- EXCERPTED RECORDS -
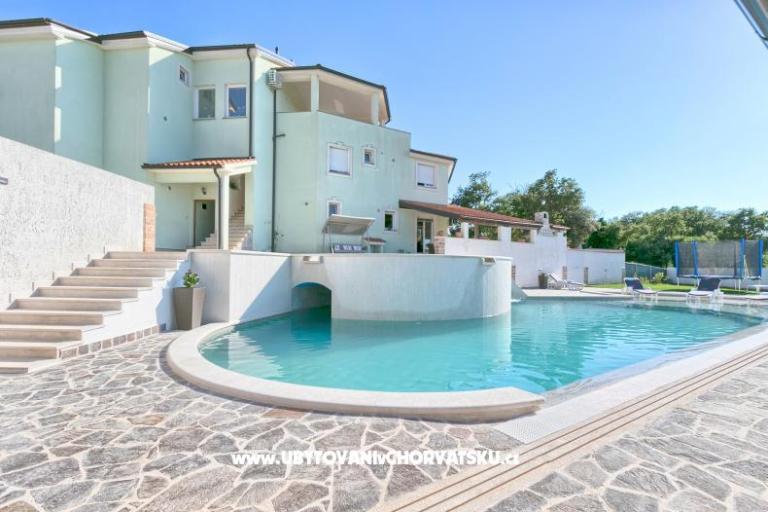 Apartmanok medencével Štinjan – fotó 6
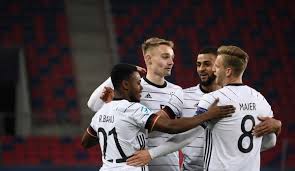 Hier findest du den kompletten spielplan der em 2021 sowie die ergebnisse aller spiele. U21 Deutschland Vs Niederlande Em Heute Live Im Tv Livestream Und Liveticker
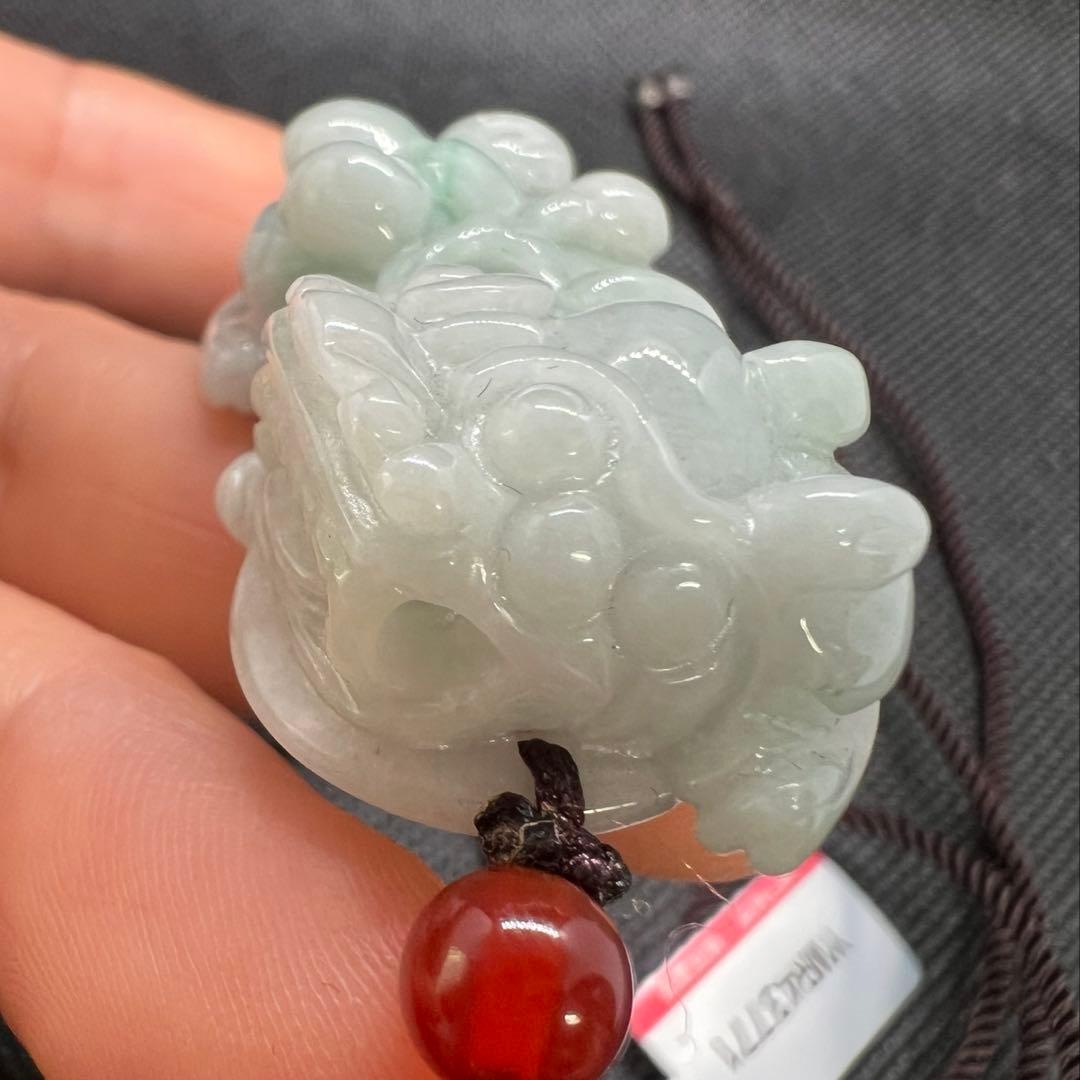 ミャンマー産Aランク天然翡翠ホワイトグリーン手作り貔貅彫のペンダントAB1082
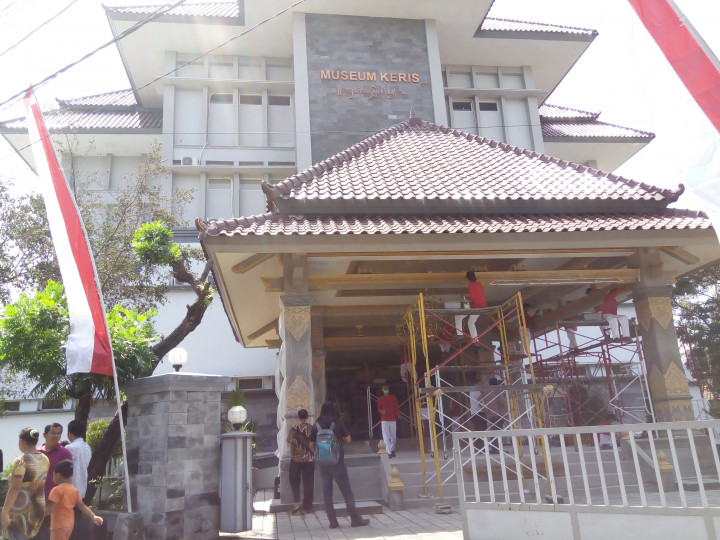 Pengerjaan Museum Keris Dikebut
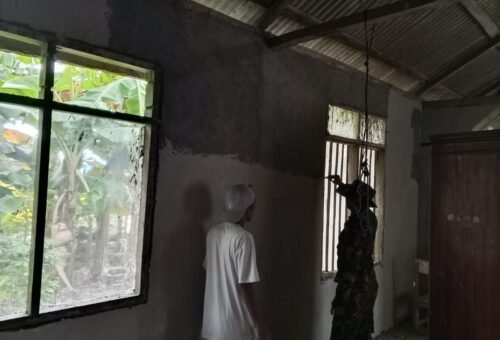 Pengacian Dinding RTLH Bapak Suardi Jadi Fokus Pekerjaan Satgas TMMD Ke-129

- YOUR GOAL -
The answer must be the full listing above, copied exactly, with no pictures in it.

- RESPONSE BELOW -
 Apartmanok medencével Štinjan – fotó 6
 Hier findest du den kompletten spielplan der em 2021 sowie die ergebnisse aller spiele. U21 Deutschland Vs Niederlande Em Heute Live Im Tv Livestream Und Liveticker
 ミャンマー産Aランク天然翡翠ホワイトグリーン手作り貔貅彫のペンダントAB1082
 Pengerjaan Museum Keris Dikebut
 Pengacian Dinding RTLH Bapak Suardi Jadi Fokus Pekerjaan Satgas TMMD Ke-129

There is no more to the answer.